What the task requires:
Print the data below exactly as it stands, and keep the pictures out.

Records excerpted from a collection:
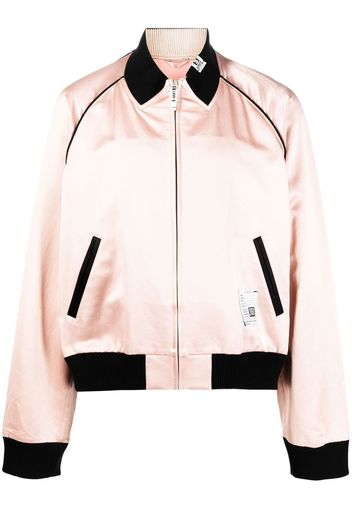 Maison Mihara Yasuhiro Dog or Cat bomber jacket - Rosa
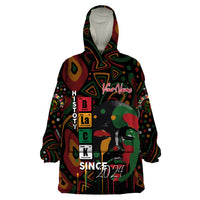 Personalized Black History Month Wearable Blanket Hoodie Since 2024 Chemistry Style - Wonder Print Shop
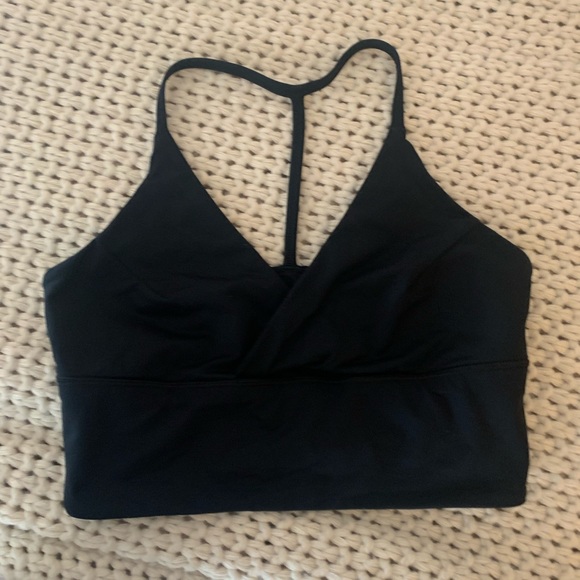 lululemon athletica Tops - Lululemon crop cami with slit sz6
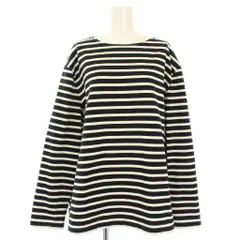 ルミノア Leminor Tシャツ カットソー バスクシャツ 長袖 ボーダー柄 2 ブラック ホワイト 18070310007530 /TK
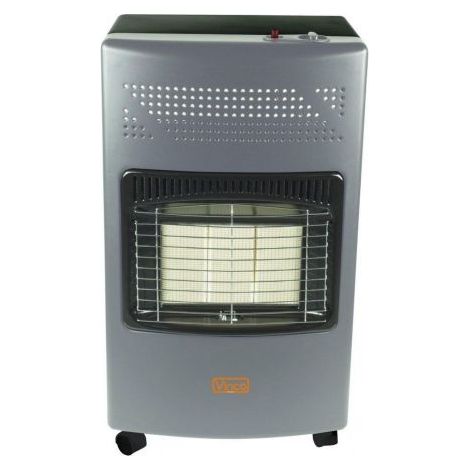 STUFA A GAS VINCO 4.2KW GRIGIO SCURO BASSO CONSUMO 3 REGOLAZIONI TERMICHE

Answer space:
 Maison Mihara Yasuhiro Dog or Cat bomber jacket - Rosa
 Personalized Black History Month Wearable Blanket Hoodie Since 2024 Chemistry Style - Wonder Print Shop
 lululemon athletica Tops - Lululemon crop cami with slit sz6
 ルミノア Leminor Tシャツ カットソー バスクシャツ 長袖 ボーダー柄 2 ブラック ホワイト 18070310007530 /TK
 STUFA A GAS VINCO 4.2KW GRIGIO SCURO BASSO CONSUMO 3 REGOLAZIONI TERMICHE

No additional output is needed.